§ **Task goal**
From the entries below, reproduce exactly the line containing "EASTERN BLOCKS: Concrete", the line containing "La raccolta Rinaldi-Paladino.", and every line in between, with nothing added.

§ **Dataset**
--------------------------------

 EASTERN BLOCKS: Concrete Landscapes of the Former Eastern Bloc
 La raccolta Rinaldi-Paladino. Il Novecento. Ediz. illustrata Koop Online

--------------------------------

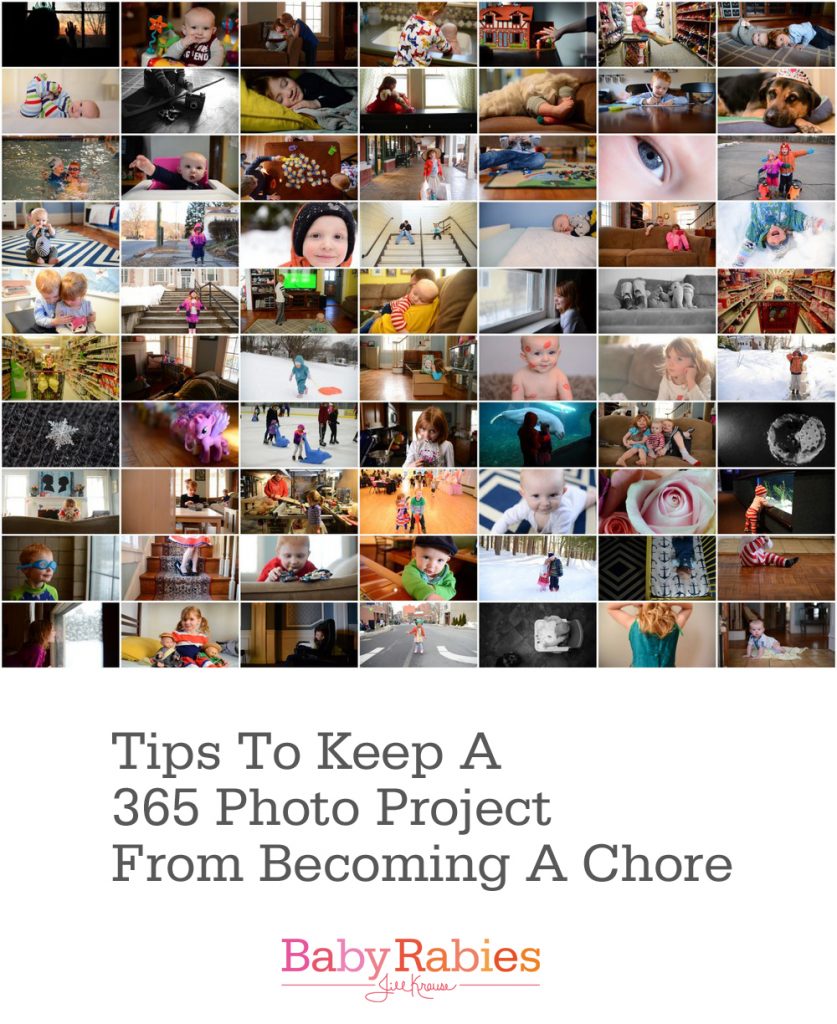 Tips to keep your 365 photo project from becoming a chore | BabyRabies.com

--------------------------------

§ **The completed task**
 EASTERN BLOCKS: Concrete Landscapes of the Former Eastern Bloc
 La raccolta Rinaldi-Paladino. Il Novecento. Ediz. illustrata Koop Online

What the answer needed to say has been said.